Ash went quiet. She was right.
"So this is your chance," Dr. Reeves continued. "Not just to have the right body, but to actually build the person you want to be. To explore what masculinity means to you without the shame, without the rejection, without the dysphoria."
"While having no control over my life."
"You have more control than you think. You can't choose your circumstances, but you can choose how you respond to them. You can choose what kind of student to be, what kind of friend, what kind of son. You can choose what values matter to you, what kind of person you want to become."
"That sounds exhausting."
"Or liberating. Depends on perspective." Dr. Reeves glanced at the clock. "We're almost out of time, but I want you to think about something before Monday."
"What?"
"What would it look like to accept both? To accept that you're grieving adult Ash AND grateful for the right body. To accept that you're angry at the circumstances AND engaged with the opportunities. To accept that you're trapped in childhood AND growing into the man you want to be."
"That's... a lot."
"It is. But you don't have to do it all at once. Just start paying attention. Notice when you feel gratitude, when you feel resentment, when you feel grief. Don't push any of it away. Just notice."
"And then what?"
"Then we talk about it. Figure out what to do with all those feelings." She stood, signaling the session was ending. "You did good work today, Ash."

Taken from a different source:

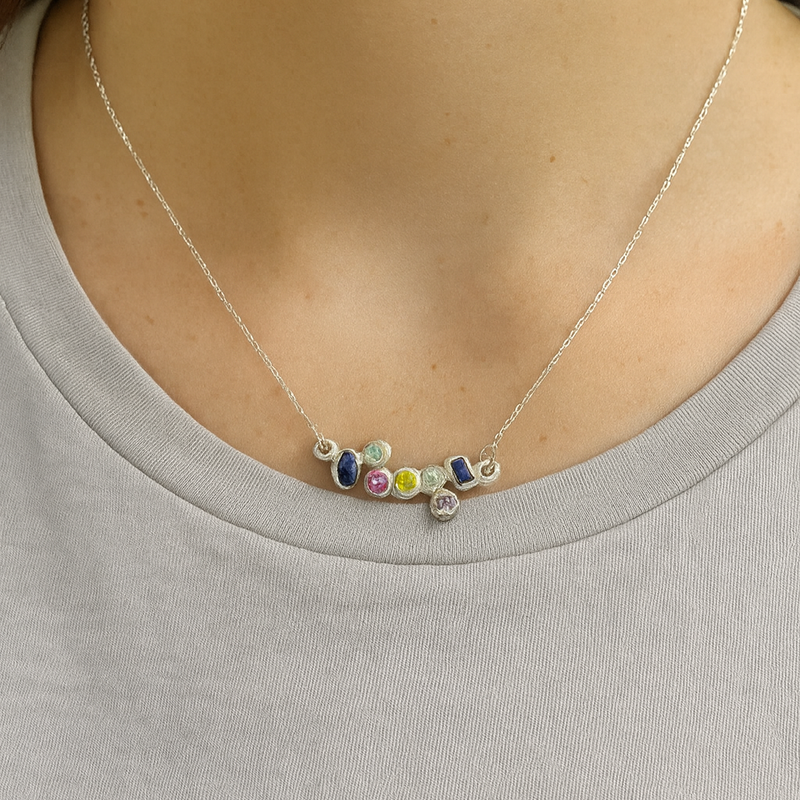 Bubbles - Silver and sapphire pendant necklace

He stood too, slinging his backpack over his shoulder. Paused at the door.
"Dr. Reeves?"
"Yeah?"
"When you call me Ash... it helps. Makes me feel less like I'm disappearing."
She smiled. "I know. That's why I do it."
In the waiting room, Mom looked up from her phone. "Ready?"
"Yeah."
In the car, she didn't ask about the session immediately. Just drove. After a few blocks, she said, "You've been different this week. Calmer."
"Tired, mostly. Tired of being angry all the time."
"That's understandable." Mom glanced at him. "I've been thinking a lot about your first childhood. About how we handled things."
Ash went still. They rarely talked about the first time. Not directly.
"We failed you," Mom said quietly. "Your dad and I. We were so focused on our own confusion, our own grief about losing our daughter, that we didn't see we never had a daughter. We had a son who was suffering."
"Mom—"
"Let me finish." Her voice was thick. "You were in so much pain and we made it worse. We made you feel like being yourself was something to be ashamed of. And I think... I think that shame drove a lot of what came after."
Ash felt his throat tighten. "The drugs, you mean."
"The drugs, yes. But also the isolation, the self-harm, the desperate seeking for relief." Mom pulled into a parking lot, turned to face him. "This time, we're trying to do it right. You're our son. You've always been our son. And we love you exactly as you are."
"I know."
"Do you? Really?" Mom's eyes were bright. "Because I need you to know. Whatever anger you're feeling, whatever grief, whatever confusion—you're loved. Completely. We're not perfect parents, but we're trying. And this time, we see you."
Ash couldn't speak around the lump in his throat. Just nodded.
"Good." Mom wiped her eyes, started the car again. "Now, did you eat lunch today? Because you're getting taller and I swear you eat like a full-grown man these days."
"Puberty," Ash managed. "Testosterone makes you hungry."
"Well, the right kind of puberty this time. Thank god for that." Mom squeezed his hand. "How about we stop for subs? You can get whatever you want."
"Even a footlong?"
"Even a footlong. I wasn't kidding about the eating."
At Subway, waiting in line, Ash caught his reflection in the glass. Eleven years old, almost twelve. Getting taller, his voice deepening, his face changing. Male. Unambiguously, naturally male.
He thought about Dr. Reeves' question. What kind of man do you want to be?
He didn't know yet. But maybe that was okay.
Maybe figuring it out was the point.
Maybe having the right body, the right acceptance, the right puberty—maybe that was the foundation. And what he built on it was up to him.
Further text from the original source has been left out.